La pollution générée par les poêles à bois refait surface comme un sujet sanitaire brûlant. Présentée le 30 septembre 2025 par l’University College London, une étude met en lumière des effets respiratoires comparables à ceux du tabac, soulignant un risque tangible pour la santé dans la maison et interrogeant l’image « naturelle » de ce mode de chauffage.
Poêles à bois : la pollution domestique qui abîme les poumons

Le 30 septembre 2025, lors du congrès de l’European Respiratory Society à Amsterdam, une équipe de l’UCL a détaillé une corrélation entre l’usage du poêle à bois et un déclin accéléré de la fonction pulmonaire alors que la pollution aux particules fines reste un enjeu majeur de santé publique. Avec l’augmentation de l’usage domestique du bois comme chauffage, les experts alertent désormais sur un risque sanitaire préoccupant pour la maison et ses habitants.

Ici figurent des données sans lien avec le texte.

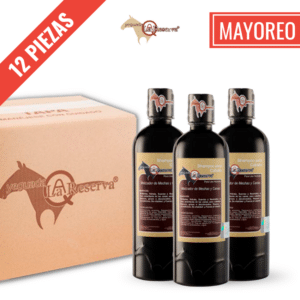 Producto
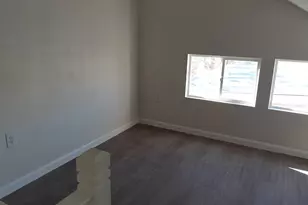 1503-5 Spur 529, Rosenberg, TX 77471 - Photo 4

Une hausse de la pollution domestique liée au poêle à bois
Les chercheurs de l’UCL ont suivi plus de 11 000 participants de la cohorte ELSA, dont 1 700 ont réalisé trois mesures de fonction respiratoire sur huit ans. Les résultats sont clairs : le volume expiratoire (FEV1) a chuté en moyenne de 0,12 litre chez les usagers de combustibles solides, contre 0,07 litre chez les non-usagers, relaye The Independent. Cette différence place la pollution issue du poêle à bois dans la même catégorie de risque respiratoire que certains facteurs environnementaux déjà reconnus.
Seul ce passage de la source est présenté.